Unsolved Disappearances That Will Haunt You

Unsolved! It is a word that will inspire different reactions in different people. Some, who love a new mystery to dig into, might grow obsessed with each detail that does exist. Some, who prefer closure and riddles with solutions, will feel an itch in their brain every time they think of a scenario with no satisfactory conclusion. Others might tremble in fear (of experiencing such a tragedy) or sympathy (for those who have already been there).

Whatever the reaction, unsolved mysteries are an obsession for many of us. Heck, a large section of the podcast industry depends on it. But while unsolved murders are the obvious candidate for obsession and investigation, unsolved disappearances are perhaps even more mysterious and haunting.

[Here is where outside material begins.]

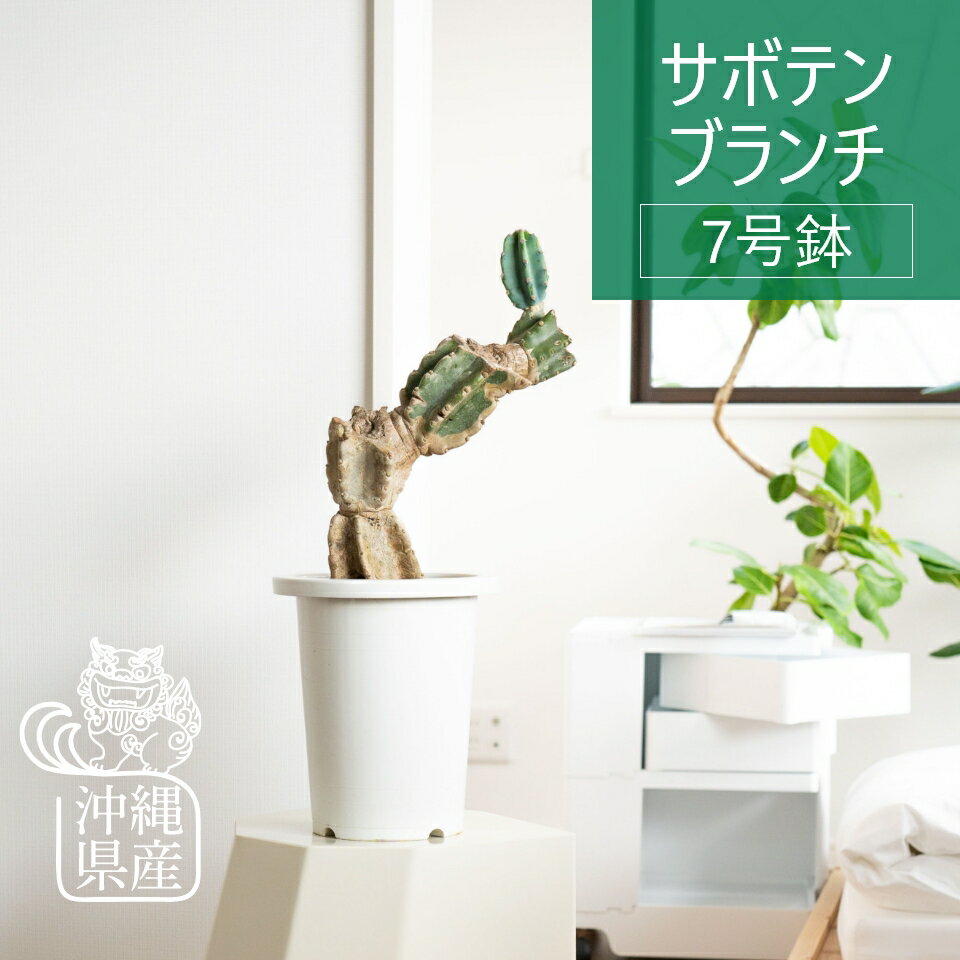 【全品5%off★5/16 1:59まで】木質化したヴィンテージ サボテン ブランチ 7号 観葉植物 インテリア おしゃれ お祝い 沖縄 ロックガーデン 開店祝 新築祝 引っ越し祝 かわいい コテラ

With a murder, the crime itself is clear: There is a body, and a murder has happened. But with disappearances, not even the crime itself is known. Was it a kidnapping? A murder? Was there even a crime at all? Did someone just run off? Were they under duress? Did they just want a new life?

What follows is a list of some of the strangest and most mysterious unsolved disappearances in history, each of which includes some strange piece of evidence — a phone call, a letter, a photograph — that will get that brain itch going something awful. Maybe don’t read this list while you’re alone … especially if you only think you’re alone.

Sodder children

The unsolved disappearance of the five Sodder children in 1945 is one of the strangest vanishings ever. There are so many twists and turns to it that you should definitely read this very thorough write-up in Smithsonian magazine about it (after you finish reading this list, of course).

Here’s the short version: In the middle of the night on Christmas 1945, a fire broke out at the Sodder home in Fayetteville, West Virginia, and within 45 minutes the house had burned down. Parents George and Jennie escaped with half of their children, but five never made it out of the house. George tried to get back in to help them, but his ladder was mysteriously missing. He tried to drive his trucks next to the house so he could climb to the upper windows, but neither of his trucks would start. Calls to the fire department received no response from the operator. By the new year, the coroner had issued five death certificates for the Sodder children.

But here’s the thing: There were no bodies. No bones, no remains of any kind. Signs pointed to arson and to their phone lines being cut. George, who was actually Italian immigrant Giorgio Soddu, remembered a number of encounters in which he was threatened for his vocal criticism of Mussolini. The Sodders never believed the children died, as evidenced by a billboard looking for information that stood by the highway for nearly 40 years. And really, we’re only scratching the surface of the weirdness. This case is quite a rabbit hole to get lost in.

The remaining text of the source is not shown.